Harvey Norman boss unleashes at AGM
HARVEY Norman faces a potential board spill after shareholders handed the furniture and electronics retailer a second consecutive strike on executive pay.
The company's remuneration report was voted down by 47.6 per cent of proxies at Wednesday's meeting in Sydney, well above the 25 per cent threshold for a strike and forcing a vote on whether to spill the board.
Just over 50 per cent of shareholders rejected the remuneration report at last year's AGM.
Chairman Gerry Harvey lashed out at what he called "agitators" amid disquiet over an apparent lack of independence of directors on a board that has been unchanged since 2007.
"There's this movement out there with agitators who are against anything we do," Mr Harvey said.
"The family business doesn't exist as far as they're concerned."
Mr Harvey engaged in heated exchanges with Stephen Mayne, who is vying for a spot on the board, calling him "absolutely devoid of any common sense".
"He'll get up and talk for the rest of this meeting and it will be bullshit all the way through," Mr Harvey said.

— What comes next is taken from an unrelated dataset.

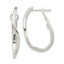 Sterling Silver Polished Wavy Omega Back Oval Hoop Earrings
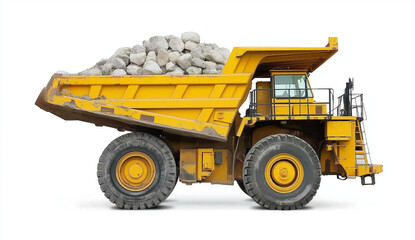 Obraz premium yellow, mining, truck, open, cabin, gray, stones, white, background, highresolution, photograph, vehicle, industrial, heavy, machinery, transport, construction, excavation, earthmoving, miningvehicle,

But Wednesday's vote came after Harvey Norman revealed its Australian business has been its second worst performing unit so far this financial year in terms of sales growth.
Australian franchisee comparable sales for the four months to October 31 were just 0.4 per cent higher than a year earlier.
That compares to a 1.7 per cent rise across the whole business, with only Singapore - where sales fell 8.1 per cent - performing worse.
The sluggish local sales growth was announced a day after Australian consumer confidence was shown to have slumped to a four-year low following a clutch of gloomy economic data.
Three Reserve Bank rate cuts since June and federal government tax rebates have failed to stimulate consumer spending, with retail sales growth slowing to a seasonally adjusted 0.2 per cent in September from 0.4 per cent in August. Northern Ireland, Slovenia and Croatia, and Ireland all showed comparable sales growth of more than eight per cent, with New Zealand not far behind at 7.7 per cent.
Malaysia, the remaining territory in which Harvey Norman is active, showed 4.2 per cent growth.
After an early drop on Wednesday, Harvey Norman shares climbed through the meeting and vote on pay and were 0.1 per cent higher at $4.325 at 12.25pm AEDT.